== Work required ==
Pictures in the material below are to be left out, and only the lines from the line with "336 Great Raft Property Photo 5" up to and including the line with "ER CASE Crystal kryt pro Samsung Galaxy A35" are to be written out exactly.

::: Data for review :::

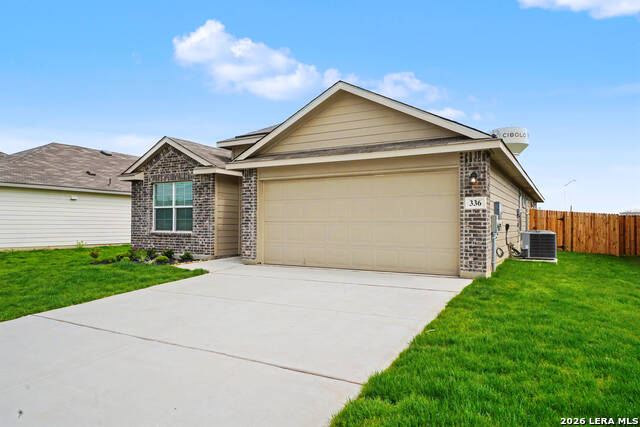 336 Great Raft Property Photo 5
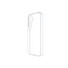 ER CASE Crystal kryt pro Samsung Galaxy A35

:::
::: Data for review :::

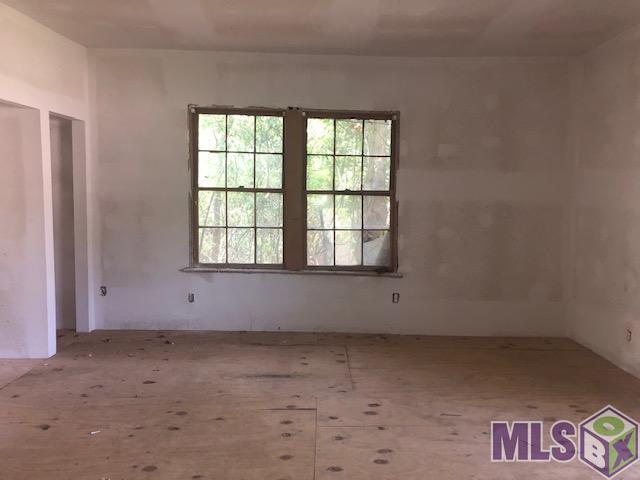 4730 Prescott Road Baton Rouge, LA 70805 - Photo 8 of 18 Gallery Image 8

:::
::: Data for review :::

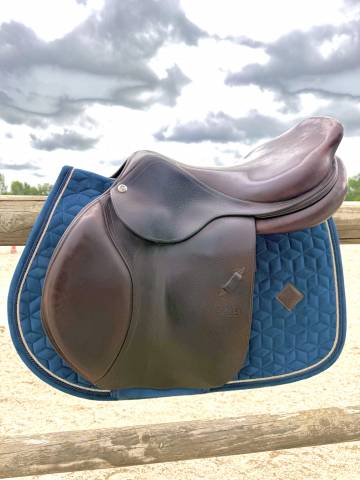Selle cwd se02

:::

== Result of the task ==
 336 Great Raft Property Photo 5
 ER CASE Crystal kryt pro Samsung Galaxy A35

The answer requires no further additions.